Speech-shaped noise (SSN) that matches the long-term average spectrum of recorded speech material is frequently applied in tests investigating the relative weights of temporal cues from various frequency regions [9, 19, 38]. This ensures that the signal-to-noise ratios (SNRs) are approximately equal at all frequencies [39, 40]. Using both the hole method and correlational method [41], Apoux and Bacon studied the relative temporal envelope weights of four frequency regions in SSN [19]. Under clear listening conditions, the hole method showed that the temporal envelope cues of all regions contributed similarly to consonant identification. However, under noisy conditions, both the hole method and correlational method indicated that the temporal envelope cues in the highest frequency region had the greatest importance [19]. Although low-rate syllabic modulations (< 4 Hz) are present across the frequency spectrum, mid- and/or high-frequency modulations (> 10 Hz) might carry unique speech information specific to the high-frequency regions [9, 19]. The shapes of the modulation spectra in adjacent frequency regions might explain this weight shift observed by Apoux and Bacon [19].
In addition, most realistic noises are modulated or fluctuating in level; therefore, fluctuating background noises (i.e., amplitude-modulated noise) are widely used in perception experiments [15, 42,43,44,45]. Amplitude modulation was found to interfere with the perception of temporal envelope cues, especially with low modulation rates [15, 46]. Fogerty also found that listeners placed higher perceptional weight on temporal envelope cues in the high-frequency region if speech was interrupted by noise at either a syllabic rate (4 Hz) or periodic rate (128 Hz) [9]. Thus, listeners would adapt their perceptual strategies, namely frequency-weighting functions, when communicating in adverse environments (i.e., those with noise) [9, 38]. Although there were evidences that white noise could severely impair the speech perception [47, 48], there has been no study focusing on the impacts of white noise on the relative weights of the temporal envelope from different frequency regions.

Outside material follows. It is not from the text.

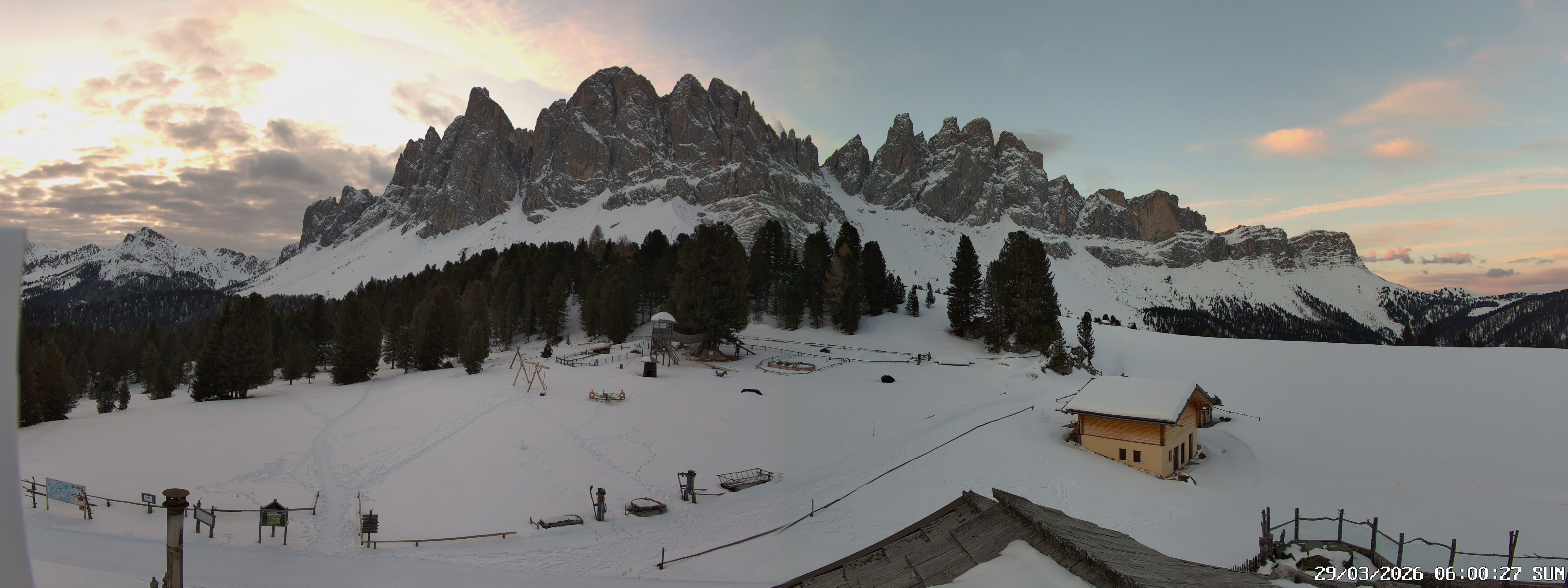 Archiv Foto Webcam Geislerspitzen - Blick von der Geisleralm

Investigating the perception strategy using envelope cues has important implications because the number of CI users who speak Chinese is growing rapidly, and CIs primarily convey envelop cues. Taking into account that the tonal character of Mandarin and the essential roles of F0 in lexical tone recognition, it is expected that temporal envelope cues from the low-frequency region, where F0 (typically ranges approximately from 100 to 350 Hz for Mandarin lexical tones) falls in [32, 49, 50], are more important for Mandarin sentence recognition under noisy conditions than in clear listening conditions. Furthermore, it is hypothesized that the weights of low-frequency region would differ under various kinds of noises. In this study, we tested these hypotheses by changing the number and location of holes in the spectrum. Then, we adopted a least-squares approach to determine the relative weights of temporal envelope cues across frequency regions in different noisy environments.